We certainly need one. The statistics for these innocent victims are disturbing and shocking: they are four times more likely than others to develop alcoholism, three times more likely to consider suicide, five times more likely to develop eating disorders, twice as likely to have problems at school and with the police and, not surprisingly, six times more likely to witness domestic violence.
No wonder the problem is being called Britain’s "biggest secret scandal". The fallout from growing up with an alcoholic parent doesn't just impact on childhood years; it extends well into adulthood and can be lifelong.
The demands on these children are extreme because they are forced to live parallel lives, in two very different worlds.
On the one hand, there is Sober World, with a sober dad or mum at its centre. This world seems, at least on the surface, to be like everyone else’s: dinners get put on the table, washing and ironing gets done, homework gets checked and bills get paid. It’s great while it lasts but there is a fragility and unreality to this world because it can be shattered by the popping of a cork or the squeaking of a screw-top. Children with alcoholic parents are intimately familiar with the signals that mean their life is on the turn. They are forever vigilant and their peripheral vision is constantly scanning their domestic horizon for signs of trouble.
Enter, stage-left, the scary monster world of the drunken parent. This is no make-believe horror movie, but a day on day, night on night, real-time narrative of anxiety and fear. There are no heroes, only drunken villains who shout, lurch, scream, kick, collapse, punch, lament, accuse, abuse, delude, deny and forget.
This is the Land of Lack. The lack of breakfast because there is no cereal or milk; the lack of dinner money because it all got spent on booze; the lack of friends because your pals can't be brought back for tea or for a sleepover (just in case). The lack of safety and sanity. The lack of proper, consistent love.
On the flip side, there is an abundance of anxiety, shame, confusion and guilt for the child of an alcoholic parent. And oodles of role-reversal where the child becomes an under-sized adult, and the drunk adult becomes an over-sized, dangerous baby. This is an unnatural world in which the child cooks, cleans, manages finances, changes nappies, reassures, soothes and tells the parent the monsters are not really there (they're just imagining them). It is hell for the child, with nobody to tell, nobody to rescue them, no escape.

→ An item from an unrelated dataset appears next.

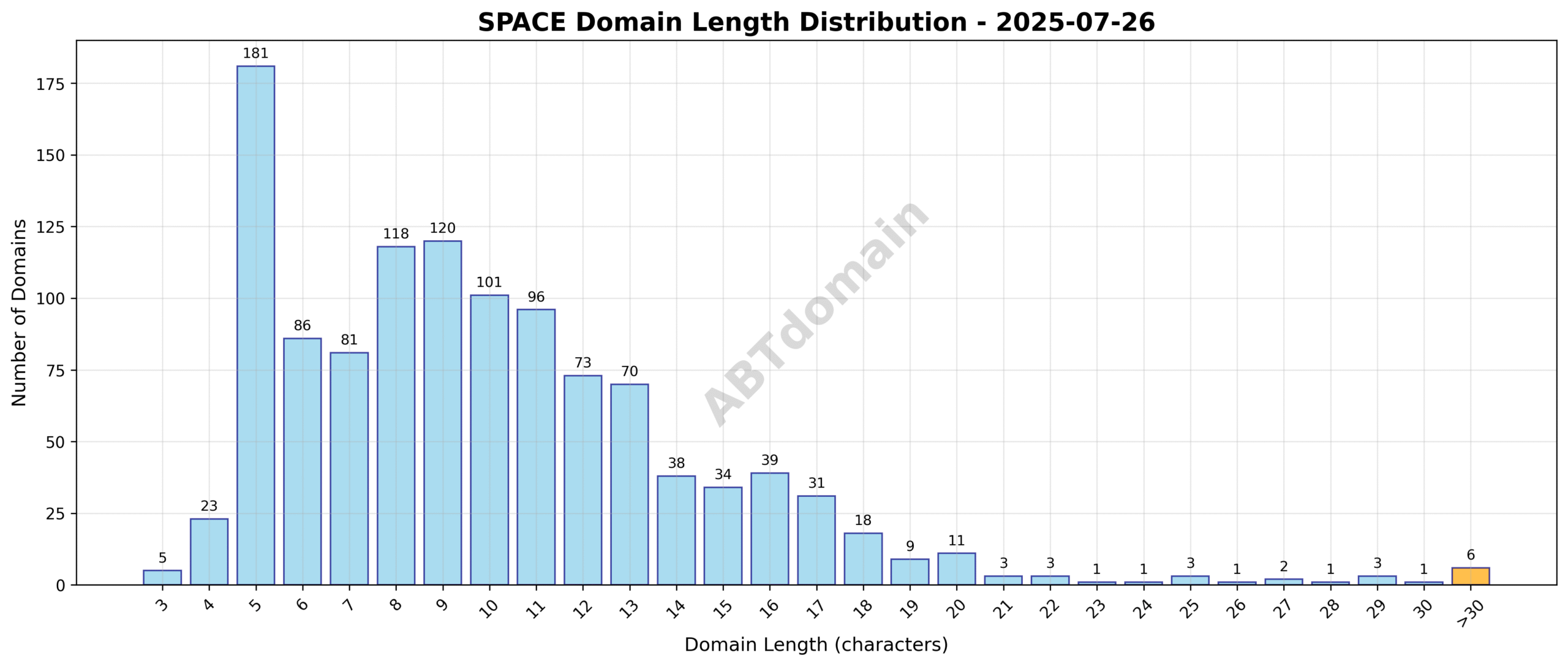 Graph showing the distribution of domain name lengths for newly registered space domains on 2025-07-26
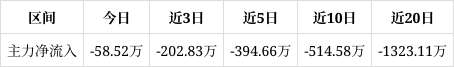 ST柯利达披露2笔对外担保，被担保公司达2家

Instead, these children must tie their hearts and minds in knots, straddle two realities and, like swans paddling crazily under the surface, glide along as if everything in their world is going swimmingly.
Children are hard-wired to love and adore their parents and will try to protect them at all costs – even when their parents abuse them. Children need to be helped to understand that they are not to blame if their mum or dad drinks too much. To do this, we need to detox from our denial of the real and lifelong harm caused to families by alcohol abuse.
We cannot turn our backs on helpless and innocent children. If we do, we risk an ongoing legacy of alcoholism and its related problems cascading from one generation to the next.